**What the exercise asks**
Your output should be the lines from the one with "adidas Originals ZX750" through the last line of the records below, exactly as written, minus the pictures.

**Dataset extract**
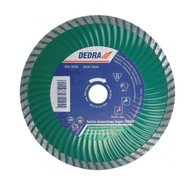 TURBO KOTÚČ NA REZANIE ŽELEZOBETÓNU 125 22.2 TURBO KOTÚČ NA REZANIE ŽELEZOBETÓNU 125 22.2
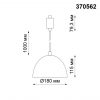 92d3589ce411cd10a90fabb8837717b4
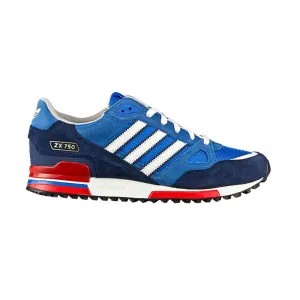 adidas Originals ZX750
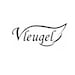 Vleugie store logo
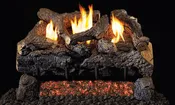 Evening Fyre Charred (Ventfree)
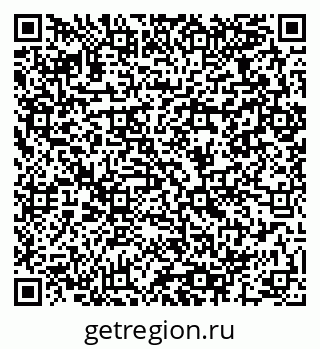 79064962006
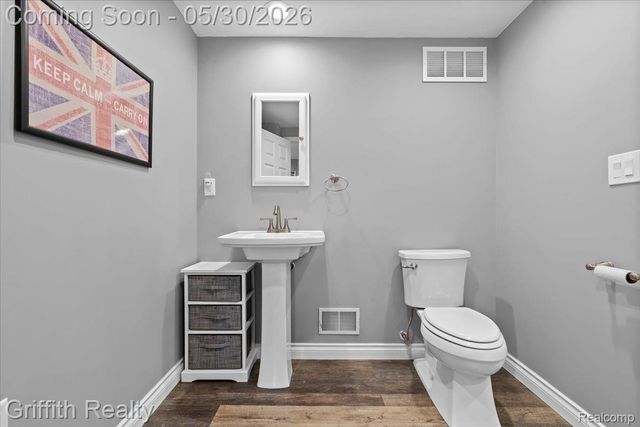 2018 Pine Hollow Trail, Brighton Township, MI 48114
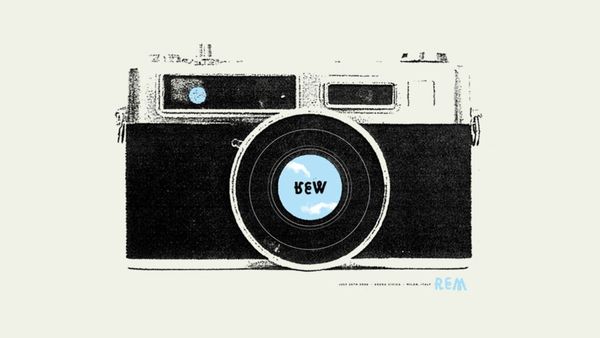 d2f0165fd41abc7236d79e93d7d4f9f6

**Exercise output**
 adidas Originals ZX750
 Vleugie store logo
 Evening Fyre Charred (Ventfree)
 79064962006
 2018 Pine Hollow Trail, Brighton Township, MI 48114
 d2f0165fd41abc7236d79e93d7d4f9f6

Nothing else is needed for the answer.